Clamp keys	—	The actual function. Without them, it's pass-through.

Output: clamp(gain · signal, lo, hi).

`rate_limiter`¶

Alias	Nodes
`ratelimiter`, `rate-limiter`	2

- type: rate_limiter
  name: SLEW
  nodes: [signal, 0]
  rising_rate:  1e3        # units per second
  falling_rate: 1e3

Key	Default	Notes
`rising_rate`	`1e6`	Max d/dt going up.
`falling_rate`	`rising_rate`	Max d/dt going down.
Clamp keys	—	Applied after rate-limit.

Output is clamped so output − previous ∈ [−falling·dt, +rising·dt].

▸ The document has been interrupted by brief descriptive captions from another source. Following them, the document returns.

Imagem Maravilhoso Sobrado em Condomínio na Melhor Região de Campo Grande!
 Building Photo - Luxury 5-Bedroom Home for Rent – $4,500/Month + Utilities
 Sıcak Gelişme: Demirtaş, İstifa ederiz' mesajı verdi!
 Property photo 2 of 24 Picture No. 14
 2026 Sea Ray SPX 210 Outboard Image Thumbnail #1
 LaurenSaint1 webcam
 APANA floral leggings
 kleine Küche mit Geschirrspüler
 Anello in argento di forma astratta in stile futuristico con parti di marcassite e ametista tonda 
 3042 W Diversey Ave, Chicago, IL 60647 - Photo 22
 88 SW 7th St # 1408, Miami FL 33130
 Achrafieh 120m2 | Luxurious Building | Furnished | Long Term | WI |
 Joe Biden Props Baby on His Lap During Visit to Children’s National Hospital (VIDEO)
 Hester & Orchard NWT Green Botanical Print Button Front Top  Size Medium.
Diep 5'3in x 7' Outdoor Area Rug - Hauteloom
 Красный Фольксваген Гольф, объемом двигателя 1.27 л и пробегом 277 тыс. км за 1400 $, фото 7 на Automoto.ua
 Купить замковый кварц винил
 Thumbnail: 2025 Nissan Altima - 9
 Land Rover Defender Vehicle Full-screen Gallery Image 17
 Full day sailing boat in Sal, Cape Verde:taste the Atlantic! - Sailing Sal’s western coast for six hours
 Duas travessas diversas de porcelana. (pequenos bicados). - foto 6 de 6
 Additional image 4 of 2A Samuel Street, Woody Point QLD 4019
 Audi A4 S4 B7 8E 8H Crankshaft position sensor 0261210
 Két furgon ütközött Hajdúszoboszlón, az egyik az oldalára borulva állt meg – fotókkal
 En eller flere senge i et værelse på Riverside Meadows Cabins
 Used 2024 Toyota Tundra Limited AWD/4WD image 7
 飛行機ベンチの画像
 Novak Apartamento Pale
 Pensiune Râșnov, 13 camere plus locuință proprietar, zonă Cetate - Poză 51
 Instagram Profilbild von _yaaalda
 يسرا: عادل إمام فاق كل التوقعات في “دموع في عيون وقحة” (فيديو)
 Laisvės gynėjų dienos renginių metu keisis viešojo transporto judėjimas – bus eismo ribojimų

3. Comparators, hysteresis, latches¶

`comparator` / `hysteresis`¶

Alias	Nodes
`comparator`	3 (`+`, `−`, `output_ref`)
`hysteresis`	2

- type: hysteresis
  name: ZC
  nodes: [signal, 0]
  threshold: 0.0
  hysteresis: 0.1
  high: 1.0
  low: 0.0

Key	Default	Notes
`threshold`	`0.0`
`hysteresis`	`0.0`	Total band width (so half-band each side).
`high`	`1.0`	Output when on.
`low`	`0.0`	Output when off.

Schmitt-trigger semantics: ON when signal > threshold + ½·band, OFF when signal < threshold − ½·band.

`state_machine`¶

Alias	Nodes
`statemachine`, `state-machine`	1 to N

- type: state_machine
  name: LATCH
  nodes: [set_in, reset_in]
  mode: set_reset
  threshold: 0.5
  high: 1.0
  low: 0.0

Key	Default	Notes
`mode`	`toggle`	One of `toggle`, `level`, `set_reset` / `sr`.
`threshold`	`0.5`	Trigger level.
`high` / `low`	`1.0` / `0.0`	Output levels.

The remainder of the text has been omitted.